It's rather amusing to watch the commercialization of simplicity. Well-to-do urban professionals move to "the country", grow their own vegetables, and use solar energy to heat their log cabins. Conspicuous anticonsumption, some of them proudly call it --- as they drive their SUVs to the train station for the commute into town, and as they compete with one another to buy lakefront status property. They scarcely notice their truly rural neighbors, struggling to get by economically. Unselfconsciousness raised to a lifestyle.

A couple of months ago Alex Williams wrote about "oppies", aka organic professionals, in "Going Up the Country, but Keeping All Your Toys" (18 Jul 2004 New York Times). The article wasn't ostensibly meant to be ironic, but it definitely read that way from my perspective. More recently, in an op-ed essay a writer (who shall mercifully remain nameless here) wrung her hands about how much more time her tiny daughters spent with the nanny than with her --- but how, as they start attending daycare, the Quality Time equation will shift in Mommy's favor. Not a thought given to working fewer hours, earning less money, and having more time for her family. Not an allusion made to the vast majority who can't afford nannies, or decent child care at all for that matter. And to add further spice: the writer's byline reveals that she's on the staff of a small asteroid in the Time Inc. conglomerate-corporate universe, Real Simple, which purports to be "the magazine about simplifying your life".
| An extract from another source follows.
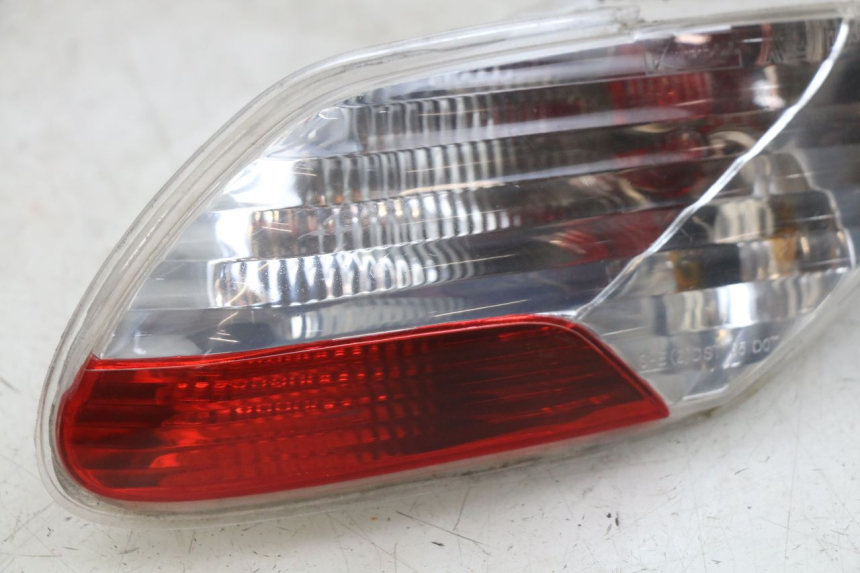 photo de FANALE POSTERIORE DESTRO PIAGGIO MP3 LT 400 (2007 - 2012)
But look at the web site and it's really about buying stuff. Check out the Privacy Policy, and it's really about selling names. And the advertisements in the on-paper 'zine? Strange how the pursuit of simplicity always involves spending more money ...

(see also SomethingToSell (14 Apr 2002), MoreFunLessStuff (1 Oct 2002), For Themselves (8 Jun 2003), CutTheVolume (5 Mar 2004), DalaiLamaBirthdayGift (24 Aug 2004), ... )


TopicSociety - TopicHumor - Datetag20040917



(correlates: HouseProud, NewYearResolution, JoyToStuffRatio, ...)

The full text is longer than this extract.